For more information about getting started with MemoryDB Multi-Region, refer to Amazon MemoryDB Multi-Region is now generally available.
In this post, we cover the benefits of MemoryDB Multi-Region, how it works, its disaster recovery capabilities, the consistency and conflict resolution mechanisms, and how to monitor replication lag across Regions.
Benefits of MemoryDB Multi-Region
MemoryDB Multi-Region provides the following benefits to customers:
- High availability and disaster recovery – With MemoryDB Multi-Region, you can build applications with up to 99.999% availability. You will have your full stack application deployed in multiple Regions. The application users connect to the closest Region of your application for optimal latency. In case of a Regional isolation or degradation, the application user can connect to the application stack deployed in another Region with full read and write access to the data powered by MemoryDB Multi-Region, without a complex manual database failover process. After the impacted Region recovers, the application user reconnects to the original Region, where data has been automatically synced back from the other Regions.
- Microsecond read and single-digit millisecond write latency for multi-Region distributed applications – MemoryDB Multi-Region offers active-active replication, so you can serve both reads and writes locally from the Regions closest to your customers with microsecond read and single-digit millisecond write latency at any scale. It automatically replicates data asynchronously between Regions with data typically propagated in less than 1 second.
- Adherence to compliance and regulatory requirements where data needs to reside in a specific geography – There are compliance and regulatory requirements under which data needs to be within a geographic location.

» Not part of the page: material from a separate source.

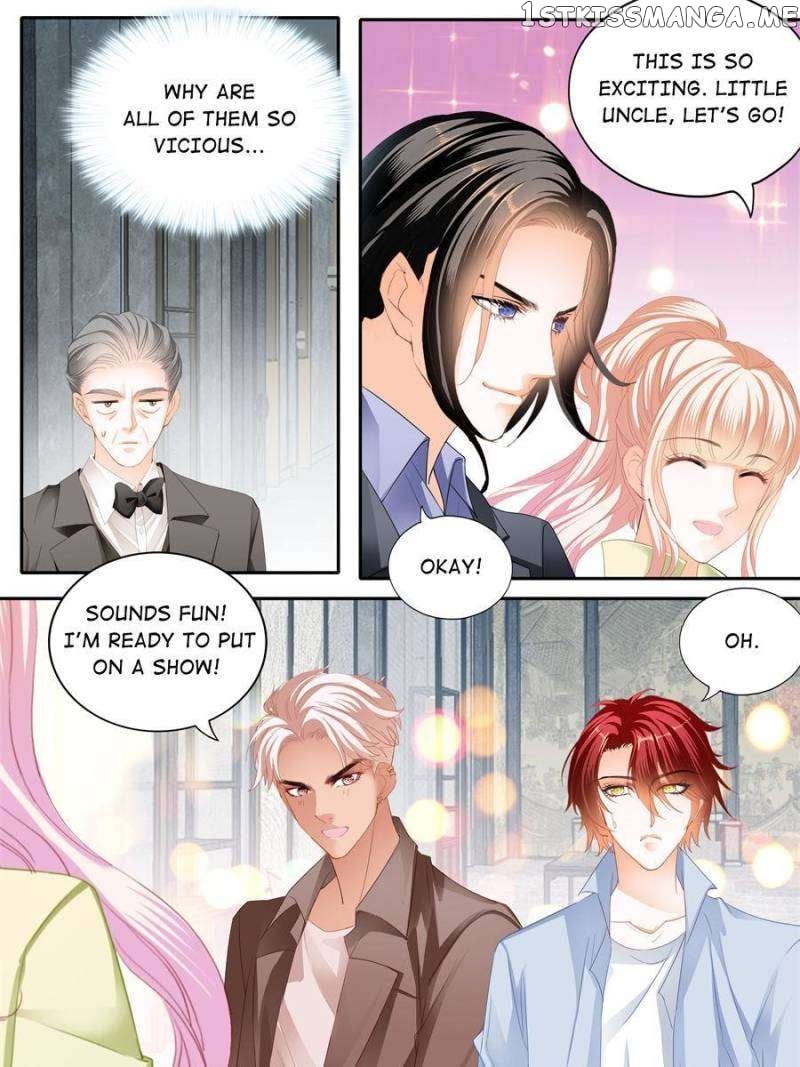 Please Be Gentle, My Bossy Uncle! Chapter 392 87 11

MemoryDB Multi-Region can help you meet these requirements because it allows you to choose which Region you want your data to reside.
MemoryDB Multi-Region overview
MemoryDB stores the entire dataset in memory and uses a distributed Multi-AZ transactional log to provide data durability, consistency, and recoverability. A Multi-Region cluster is a collection of one or more Regional MemoryDB clusters. Each MemoryDB Regional cluster stores the same set of data in a single Region. In a single-Region cluster, MemoryDB provides strong data consistency for primary nodes and guaranteed eventual consistency for replica nodes. In a Multi-Region cluster, MemoryDB uses eventual consistency across Regions. When an application writes data to any Regional cluster, MemoryDB automatically and asynchronously replicates that data to all the other Regional clusters within the Multi-Region cluster. Writes are durably stored in a local multi-AZ transactional log before write ACK is sent back to client.

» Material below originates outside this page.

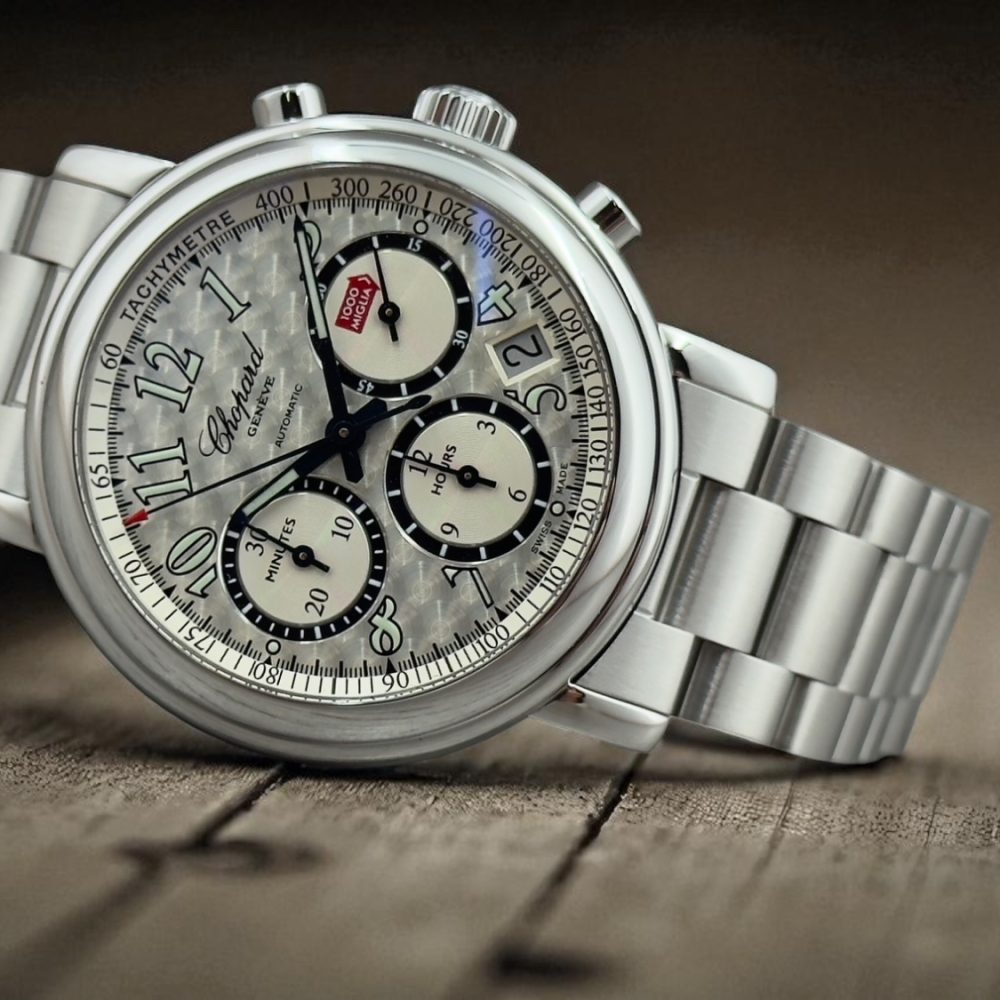 Chopard Millemiglia 8331 rare bracelet mpreziosi1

MemoryDB Multi-Region is built on a highly resilient replication infrastructure. To replicate data, each MemoryDB Regional cluster pulls the replication logs from the Multi-AZ transaction log of every other Regional cluster through the AWS cross-Region network. In addition, the replication logs pulled from other Regions are stored in a local Regional Multi-AZ transaction log. This allows Region-independent recovery, achieving 99.999% availability with MemoryDB Multi-Region. You can add Regional clusters to the Multi-Region cluster so that it can be available in additional Regions. You can expand your Multi-Region cluster to up to five Regions.
One of the key features of MemoryDB Multi-Region is that it offers active-active replication. This means that each Region in the cluster can accept write operations, enabling applications to write data simultaneously in multiple Regions. The active-active setup facilitates two-way replication between Regions, ensuring that data remains consistent across the entire Multi-Region cluster. This helps you to serve both reads and writes locally from the Regions closest to your customers with microsecond read and single-digit millisecond write latency at any scale.

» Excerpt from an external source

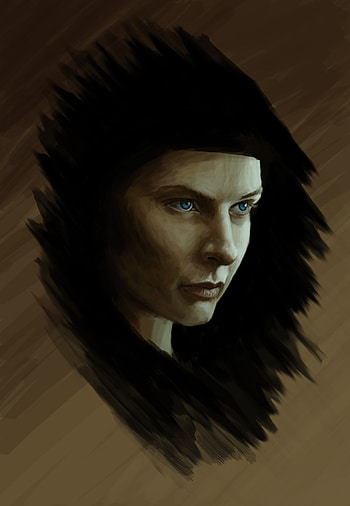 Lady Jessica, Dune movie, ArtStation, Designs HD phone wallpaper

Use case: Disaster recovery with MemoryDB Multi-Region
MemoryDB Multi-Region can help customers building multi-Region applications for disaster recovery. The advantage of using MemoryDB Multi-Region for disaster recovery is that with active-active replication, managing Region failure on the application side is much easier, because you don’t need to do a database failover. The application continues to read and write in the other Regions. MemoryDB Multi-Region provides disaster recovery with near-zero recovery time (RTO).
Let’s explore how you can achieve disaster recovery with MemoryDB Multi-Region. The following architecture illustrates a three-node (one primary, two read replicas) MemoryDB cluster in Regions 1 and 2.
MemoryDB clusters operate in separate Regions, each accepting reads and writes independently. MemoryDB Multi-Region replicates all clusters, and the system routes traffic to the nearest cluster for optimal latency. In the unlikely event that an application becomes inaccessible in one Region, MemoryDB Multi-Region can still keep the latest data synchronized across Regions.
The failover process consists of the following steps:
- The Amazon Route 53 health monitor detects that the application in a Region is inaccessible.
- Route 53 automatically removes the failed Region’s endpoint from the DNS record.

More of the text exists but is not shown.